Fakta pertama adalah, di tahun 2030 Indonesia diprediksi akan masuk dalam 7 besar “kekuatan baru” dunia. Hal ini membuat Indonesia harus melakukan persiapan ekstra, termasuk dalam hal menyambut era 5.0, masa di mana otomatisasi robot dan nuklir akan mendominasi dan menggantikan era digital saat ini. Era 5.0 akan berdampak pada pengurangan tenaga kerja manual sebanyak 65% karena digantikan oleh robot. Lalu, bagaimana nasib tenaga kerja manual tersebut? Bisa ditebak, mereka akan tergerus laju kecanggihan teknologi dan bisa jadi tidak akan kebagian “rejeki”. Bersiap dan bersiap. Ya, inilah yang harus dilakukan oleh warga negara Indonesia saat ini. Kita tidak perlu bingung untuk memulai persiapan tersebut dari mana. Fakta kedua yang akan saya paparkan berikutnya bisa dijadikan sebagai batu pijakan untuk melakukan persiapan besar tersebut.

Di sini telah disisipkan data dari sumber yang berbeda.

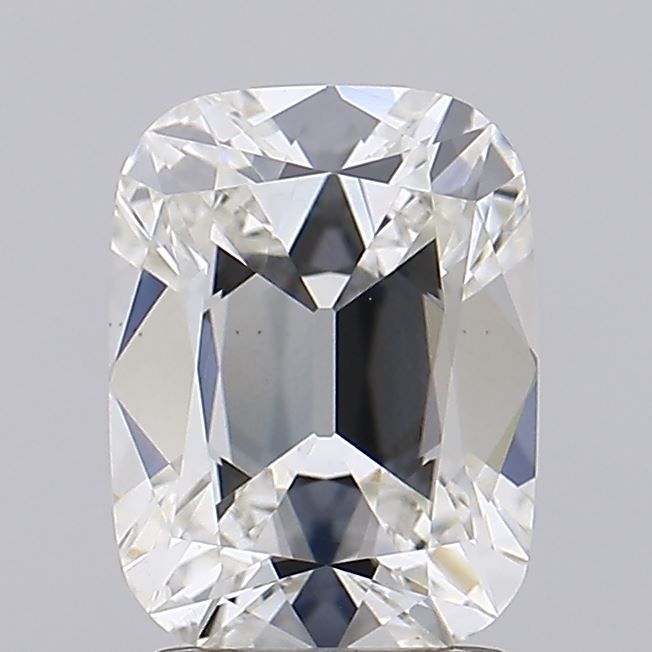2.1 ct lab-grown Cushion brilliant Diamond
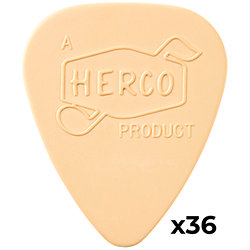 HEV211U66R Médiator Custom '66 Ultex Heavy Sachet de 36 Herco
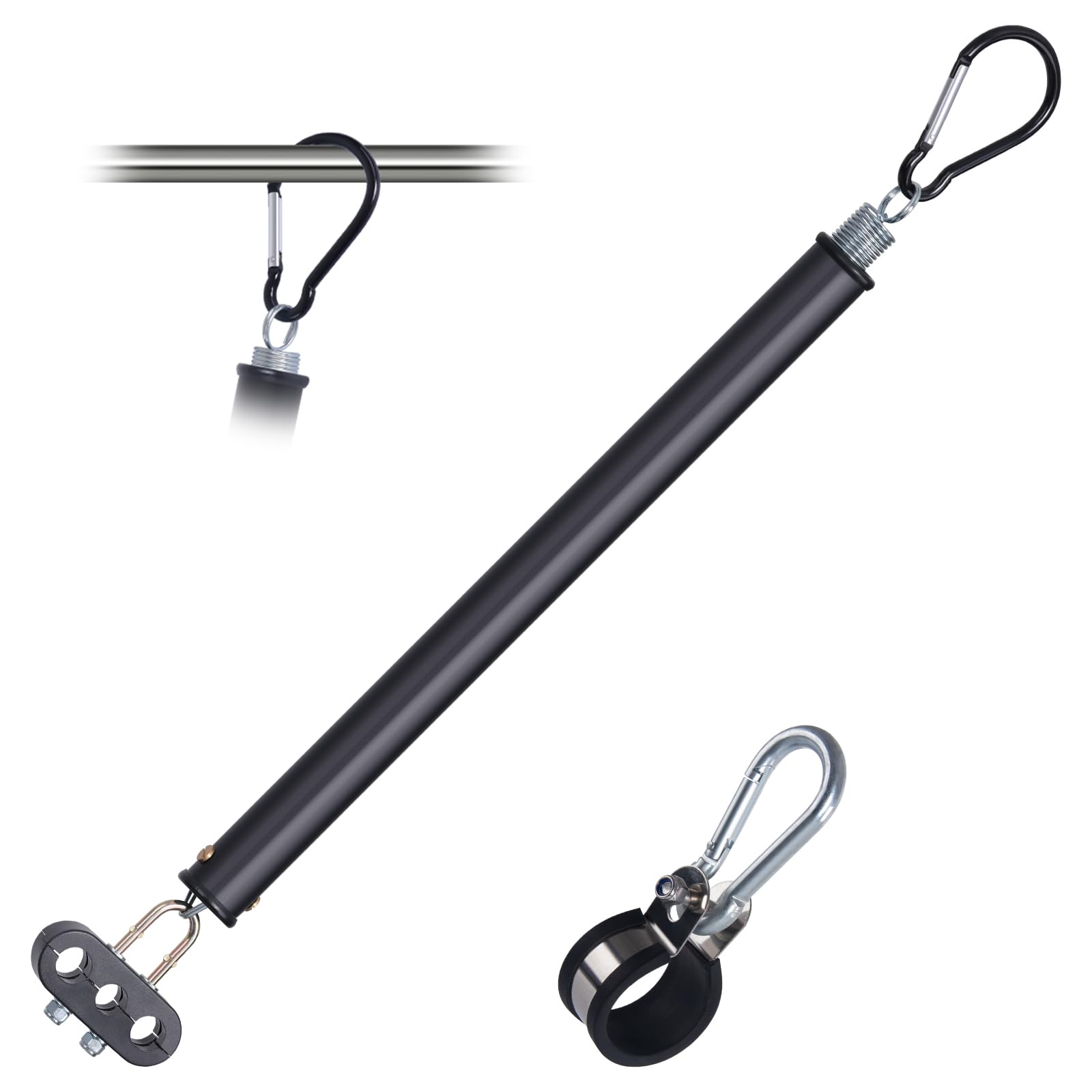 CheeMuii front view of complete 16-inch spring kit shows durable components and quick install benefits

Fakta kedua yang saya dapatkan dari pemaparan Dr. Paris saat seminar JNK 2018 adalah adanya kritik World Bank tentang minimnya kompetensi warga Indonesia di 4 sektor strategis, yaitu: leadership, English, IT literacy dan writing skill. Sumber daya manusia Indonesia dianggap kurang mempunyai kompetensi yang cukup dalam sektor kepemimpinan, penguasaan Bahasa Inggris, penggunaan teknologi dan kemampuan menulis. 4 kompetensi tersebutlah yang selayaknya dikejar oleh warga Indonesia agar siap hidup di era 5.0. Sebagai dosen dan warga Indonesia tentu saya “terusik” karena 2 fakta tersebut. Pertama, saya “terusik” karena saya sadar betul bahwa kompetensi saya di 4 sektor tersebut sangat butuh ditingkatkan. Kedua, saya “terusik” karena juga mempunyai tanggung jawab yang besar untuk membantu mahasiswa agar menguasai kompetensi serupa. Lalu, mungkinkah saya menjalankan dua peran tersebut secara bersamaan?. Saya memilih untuk “bisa”. Konsep “teamwork” akan menjadi solusi bagi saya dan mahasiswa. Teamwork akan memposisikan kami untuk duduk sama rendah, berdiri sama tinggi sehingga akan tumbuh budaya saling mengisi tanpa melihat posisi. Mari berbenah diri dan menyatukan visi untuk membuktikan kedigdayaan Indonesia di kancah dunia. Jadi, apa Anda sudah siap untuk Era 5.0?.